Everything in the listing should be transcribed exactly, apart from the pictures.

[SOURCE DATA]

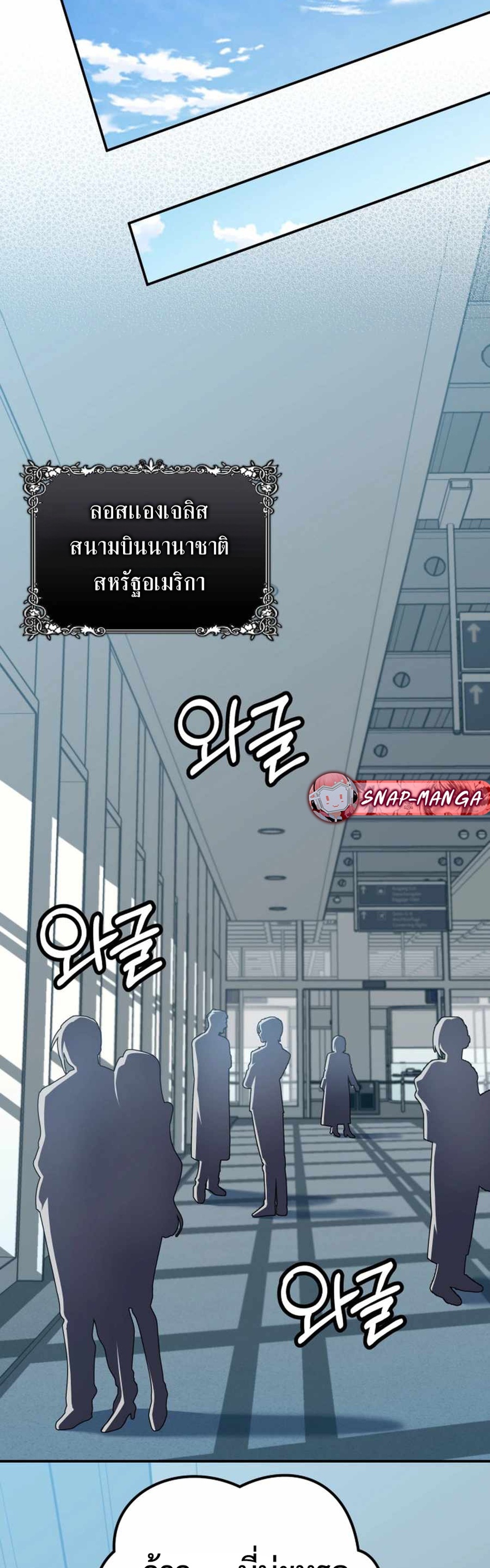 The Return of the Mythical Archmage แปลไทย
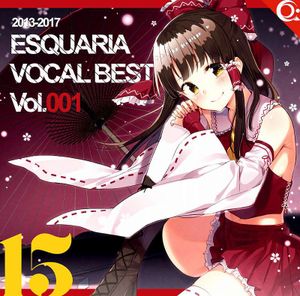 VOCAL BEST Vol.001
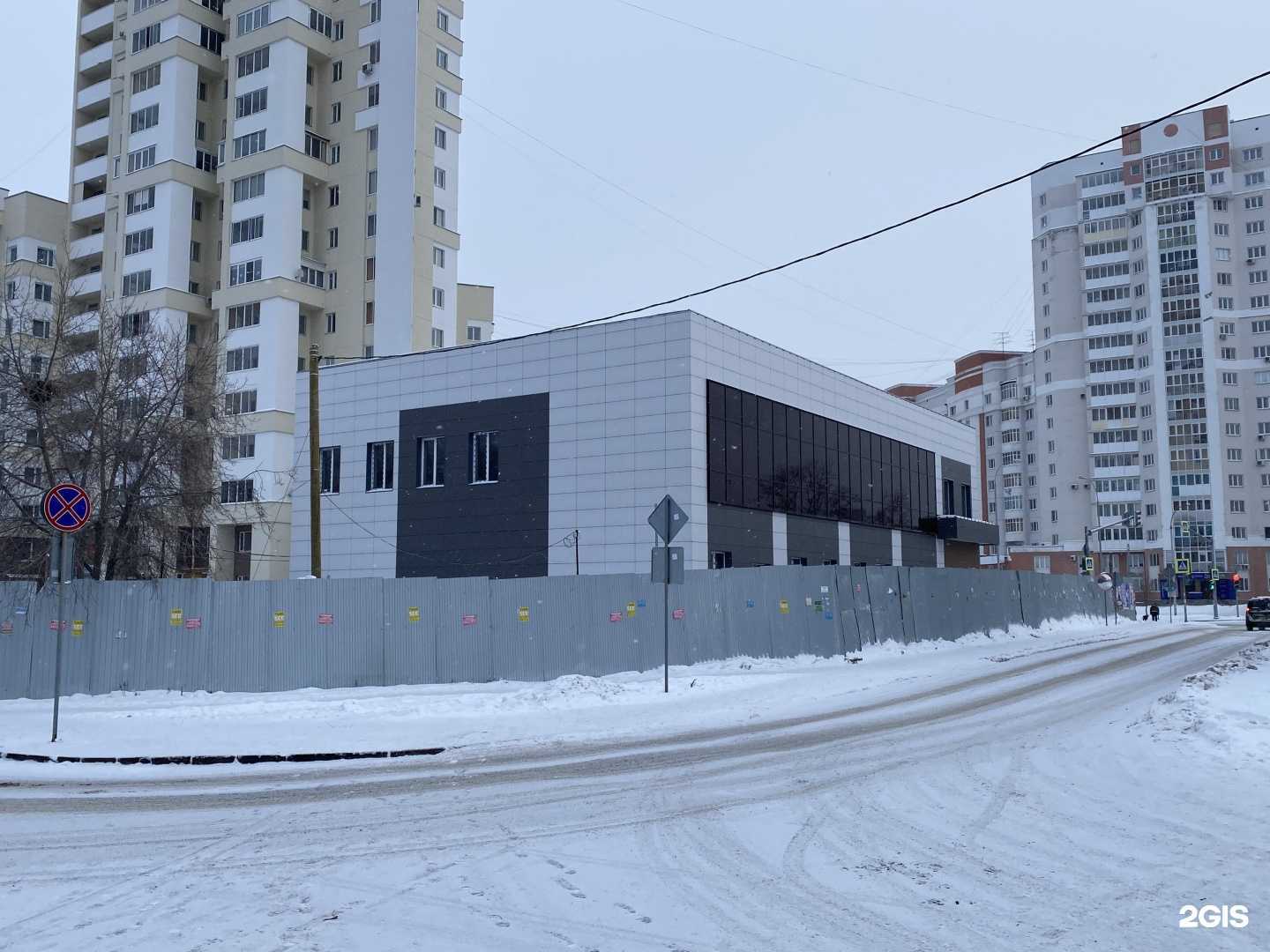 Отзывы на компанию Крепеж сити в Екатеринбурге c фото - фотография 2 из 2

[/SOURCE DATA]

FINAL ANSWER:
 The Return of the Mythical Archmage แปลไทย
 VOCAL BEST Vol.001
 Отзывы на компанию Крепеж сити в Екатеринбурге c фото - фотография 2 из 2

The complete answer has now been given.